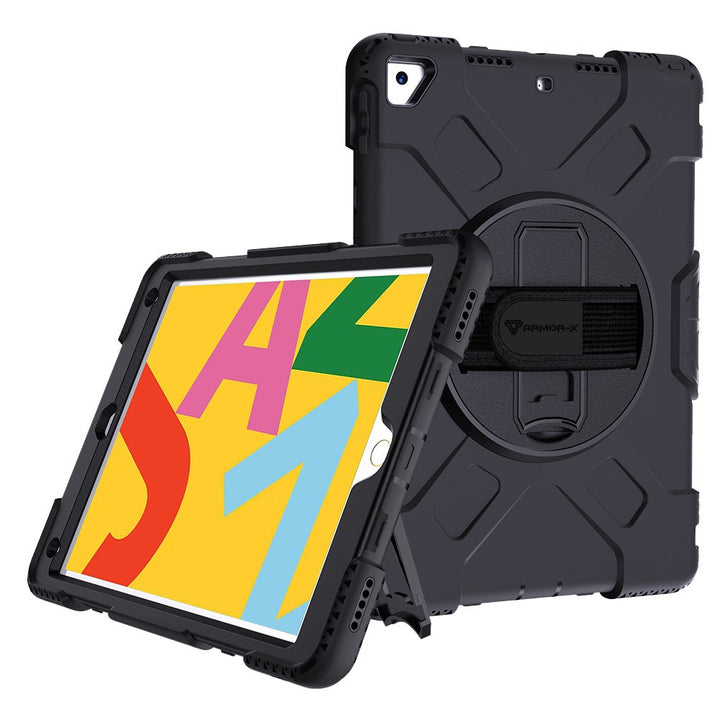 KKN-iPad-N3 | IPAD 10.2 (7TH & 8TH GEN.) 2019 / 2020 | Ultra 3 layers shockproof rugged case with hand strap and kick-stand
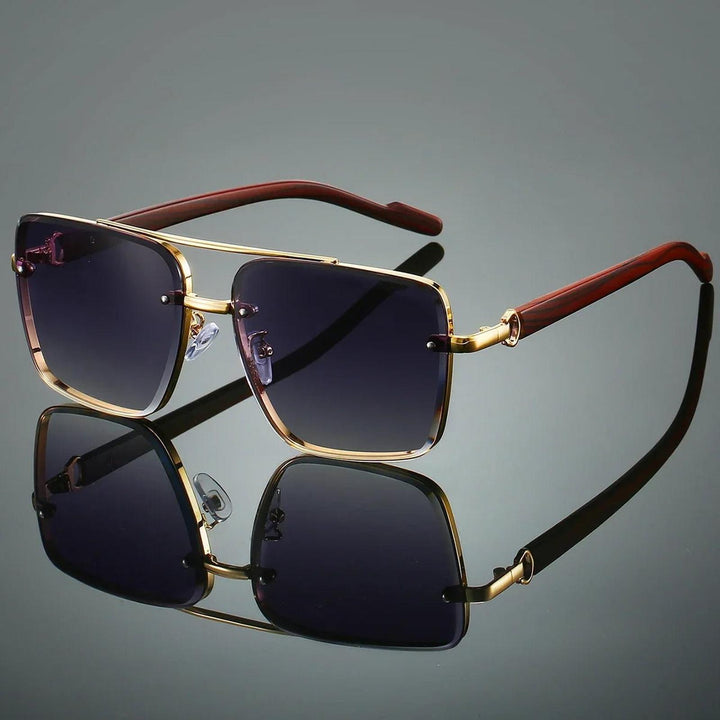 Layla | Sunglasses Aviator Gold Frame Wood Temple UV Protection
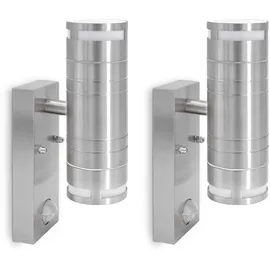 SSC-LUXon 2 Stück LED Wand Außenlampe Up Down Edelstahl - inkl. 4x 6W GU10 LED warmweiß - mit Bewegungsmelder & Dämmerungssensor IP44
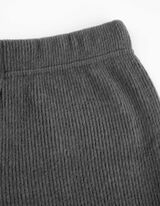 Kalhoty s širokými nohavicemi - Žebrová struktura - tmave seda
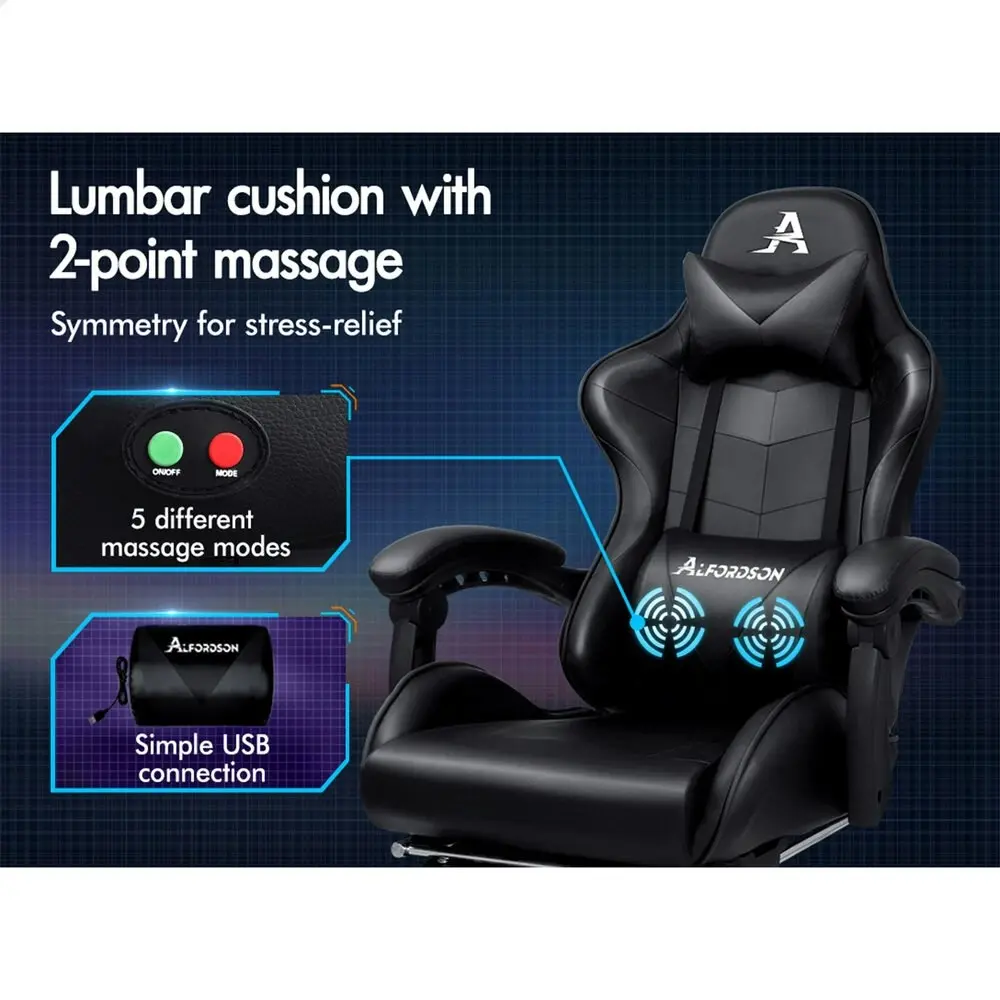 Alfordson Gaming Chair with Lumbar Massage Office Chair Black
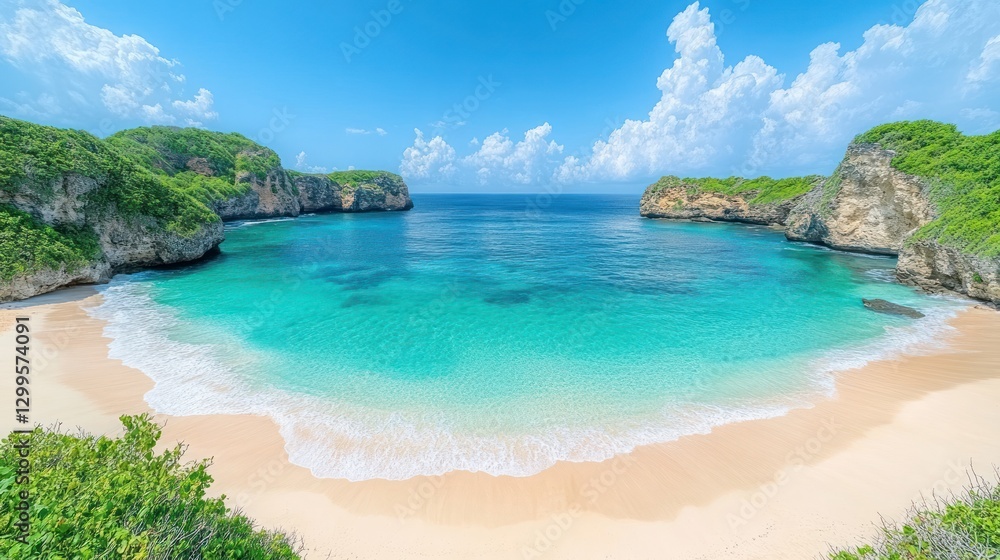 Fototapeta premium Tropical beach cove, turquoise water, idyllic scenery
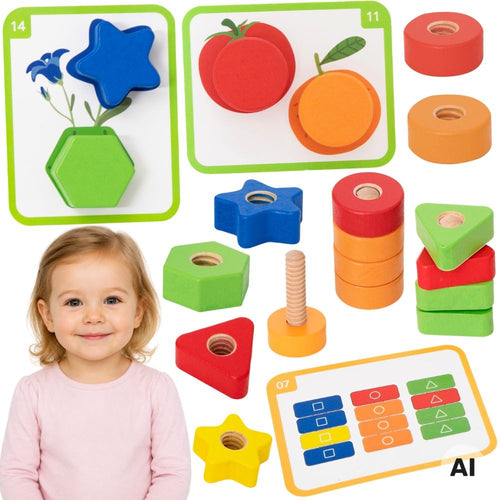 Viga Wooden Nuts and Bolts Set with Cards, 30 pcs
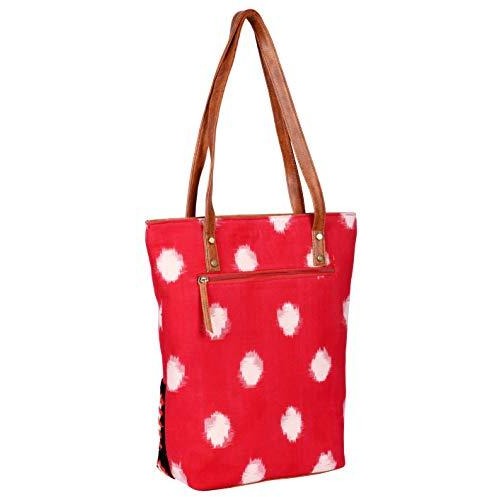 Womens boho red tote bag, handloomed fabric shoulder bag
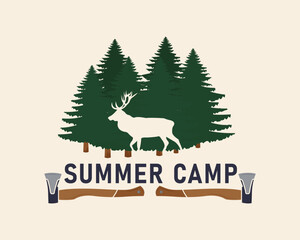 Camping vintage label, logo. Summer Camp, Camping emblem. Camping icons. Greeting card, flyer, poster, tag design. Print for T-shirt. Vector illustration.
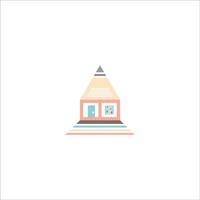 Bleistift Haus Logo Design. einfach zu Veränderung Farben. vektor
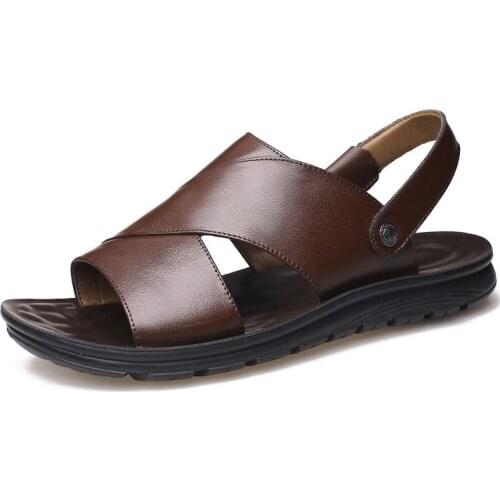 2021 summer New Flat Slip on Sandals men fashion Non-slip leather slippers male outdoor Comfortable chic Sandy beach men Sandals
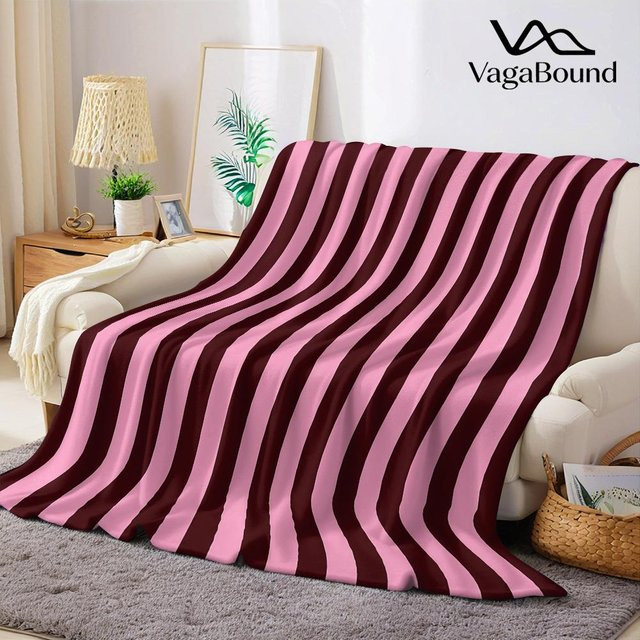 JMG Household Supplies Flanelldecke mit vertikalen Streifen in Rosa und Weinrot, weich und warm, B/B: 100 x 150 cm - Bild 1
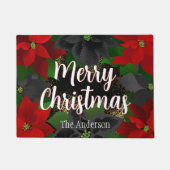 Vrolijk kerstfeest Poinsettias Deurmat (Voorkant)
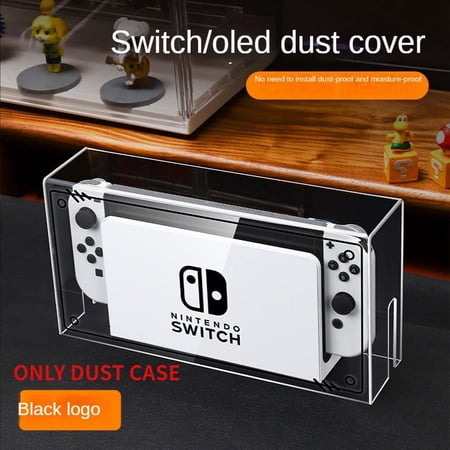 Mooroer Transparent Dust-proof Cover for Switch Luminous Base Sleeve Box for Nintendo Oled Acrylic Host Case Protective Cover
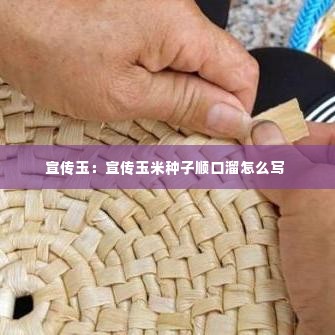宣传玉：宣传玉米种子顺口溜怎么写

+++++

**EXERCISE OBJECTIVE**. Take the entries above and copy exactly the lines starting at the one with "Womens boho red" and ending at the one with "Vrolijk kerstfeest Poinsettias"; nothing outside that span, and no pictures.

**REPLY**.
 Womens boho red tote bag, handloomed fabric shoulder bag
 Camping vintage label, logo. Summer Camp, Camping emblem. Camping icons. Greeting card, flyer, poster, tag design. Print for T-shirt. Vector illustration.
 Bleistift Haus Logo Design. einfach zu Veränderung Farben. vektor
 2021 summer New Flat Slip on Sandals men fashion Non-slip leather slippers male outdoor Comfortable chic Sandy beach men Sandals
 JMG Household Supplies Flanelldecke mit vertikalen Streifen in Rosa und Weinrot, weich und warm, B/B: 100 x 150 cm - Bild 1
 Vrolijk kerstfeest Poinsettias Deurmat (Voorkant)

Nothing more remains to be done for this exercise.